◆ **TASK DATA**:
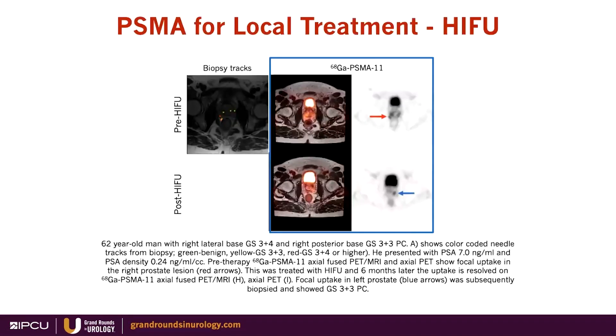What about local treatments such as high-intensity focused ultrasound or high-dose rate brachytherapy? This is another area where PET-MRI can help using PSMA or other tracers. Pre-HIFU, the biopsy tracks in green delineate penile tissue in red — the clinically significant cancer — which has PSMA uptake, and that uptake resolved with HIFU treatment. This suggests PET-MRI with PSMA can help eliminate the need for biopsies after focal therapy, in addition to guiding which areas to treat.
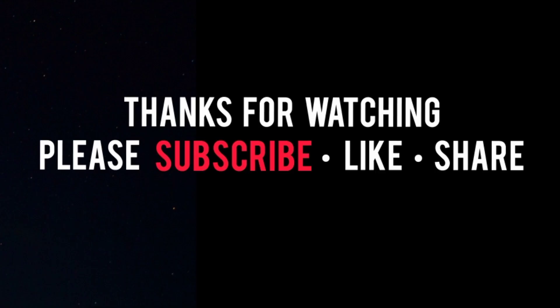I hope you got some fabulous style ideas from this video. Thanks for watching, Fashionistas. Take care and I hope you join me in the next style video.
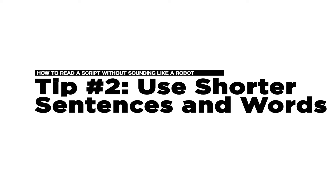Tip number two: shorter is better. Shorter sentences, shorter words. Someone once wrote a script for me using the word 'colloquially.' I don't even know what that word means, let alone use it in my actual speech. So try to use words that you would actually use. I tried this script five or six different times — it never sounded right. I always sounded like a robot. We finally removed the word and it sounded so much better. Simple words, shorter sentences, and words you would actually say.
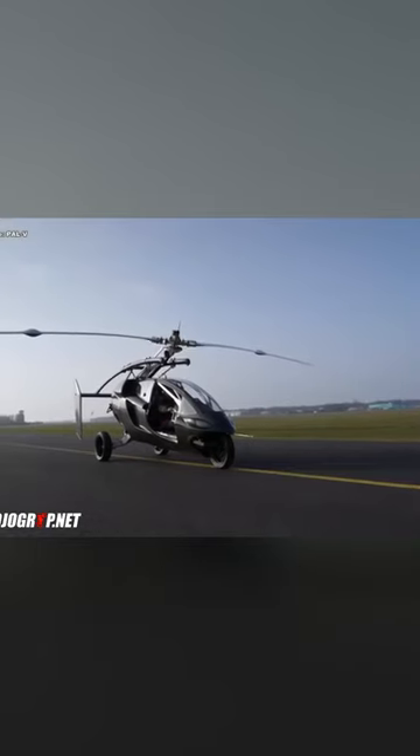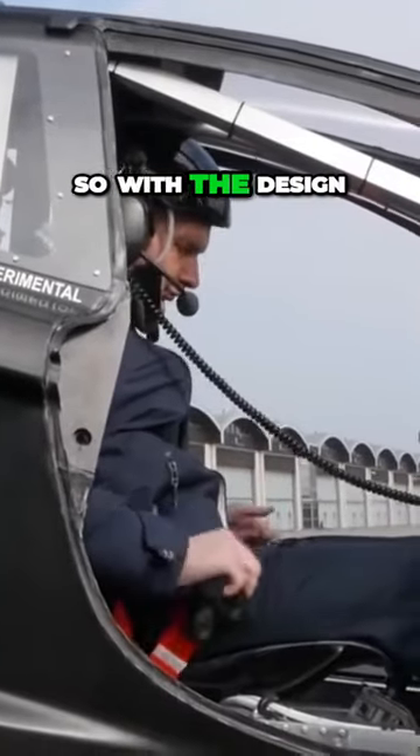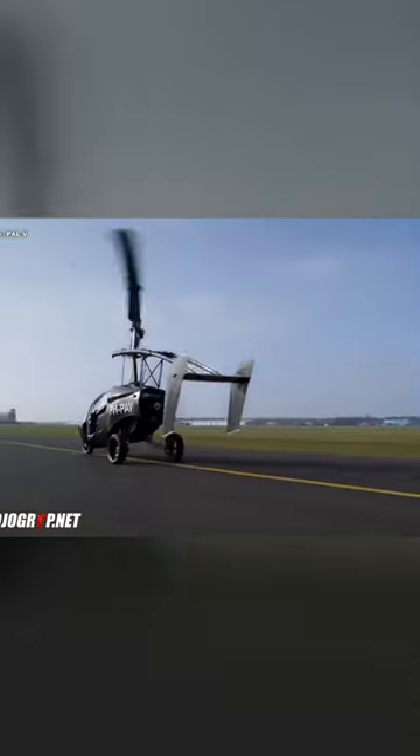Now, unlike the Aeromobile, this vehicle has a rotor system, like a helicopter. So with the design, when you're ready to turn it into a flying machine, you have that rotor system come up, and then you also have a pusher motor in the rear of the vehicle.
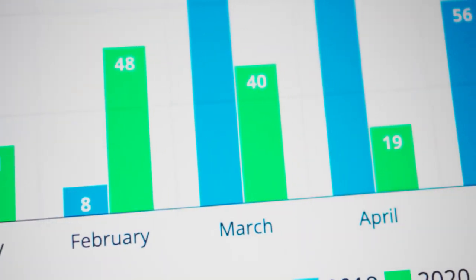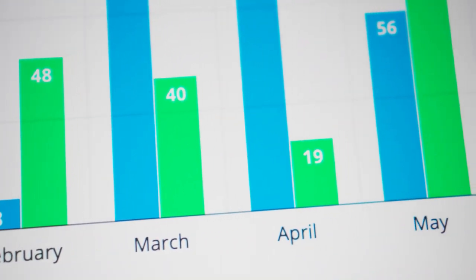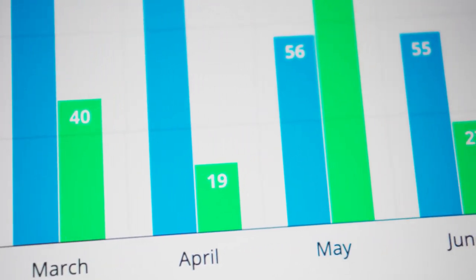A lot of people in our organization look at our surveys. I look at them, as well as our exec team, and the directors and managers of every unit and department. They get to look at both the organization as a whole, as well as their individual unit or department.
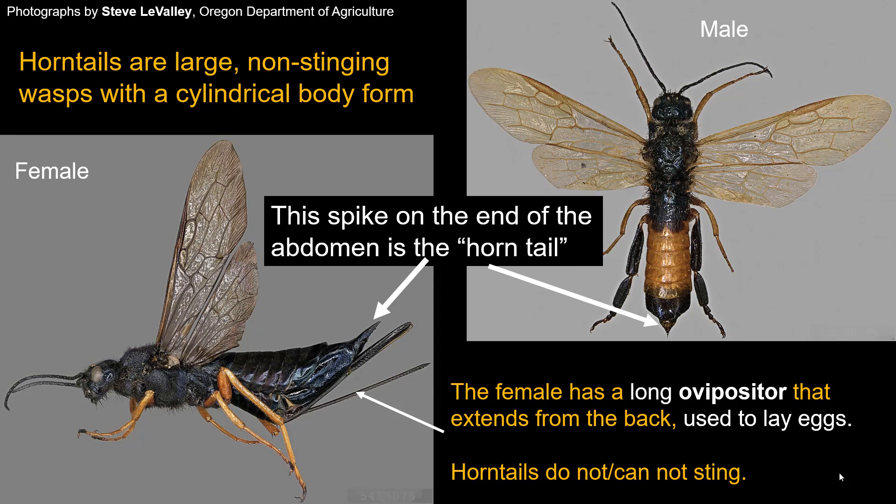They have a cylindrical body and don't have the little pinch that you see with other members of this order like a wasp, bee, or ant. They are fairly large in size, and the name 'horn tail' relates to a feature they all have — male or female — which is this spike on the hind end, illustrated with an arrow. That's the horn tail.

◆ **EXERCISE DESCRIPTION**:
The expected output is the full material above, word for word, without pictures.

◆ **EXERCISE ANSWER**:
What about local treatments such as high-intensity focused ultrasound or high-dose rate brachytherapy? This is another area where PET-MRI can help using PSMA or other tracers. Pre-HIFU, the biopsy tracks in green delineate penile tissue in red — the clinically significant cancer — which has PSMA uptake, and that uptake resolved with HIFU treatment. This suggests PET-MRI with PSMA can help eliminate the need for biopsies after focal therapy, in addition to guiding which areas to treat.
I hope you got some fabulous style ideas from this video. Thanks for watching, Fashionistas. Take care and I hope you join me in the next style video.
Tip number two: shorter is better. Shorter sentences, shorter words. Someone once wrote a script for me using the word 'colloquially.' I don't even know what that word means, let alone use it in my actual speech. So try to use words that you would actually use. I tried this script five or six different times — it never sounded right. I always sounded like a robot. We finally removed the word and it sounded so much better. Simple words, shorter sentences, and words you would actually say.
Now, unlike the Aeromobile, this vehicle has a rotor system, like a helicopter. So with the design, when you're ready to turn it into a flying machine, you have that rotor system come up, and then you also have a pusher motor in the rear of the vehicle.
A lot of people in our organization look at our surveys. I look at them, as well as our exec team, and the directors and managers of every unit and department. They get to look at both the organization as a whole, as well as their individual unit or department.
They have a cylindrical body and don't have the little pinch that you see with other members of this order like a wasp, bee, or ant. They are fairly large in size, and the name 'horn tail' relates to a feature they all have — male or female — which is this spike on the hind end, illustrated with an arrow. That's the horn tail.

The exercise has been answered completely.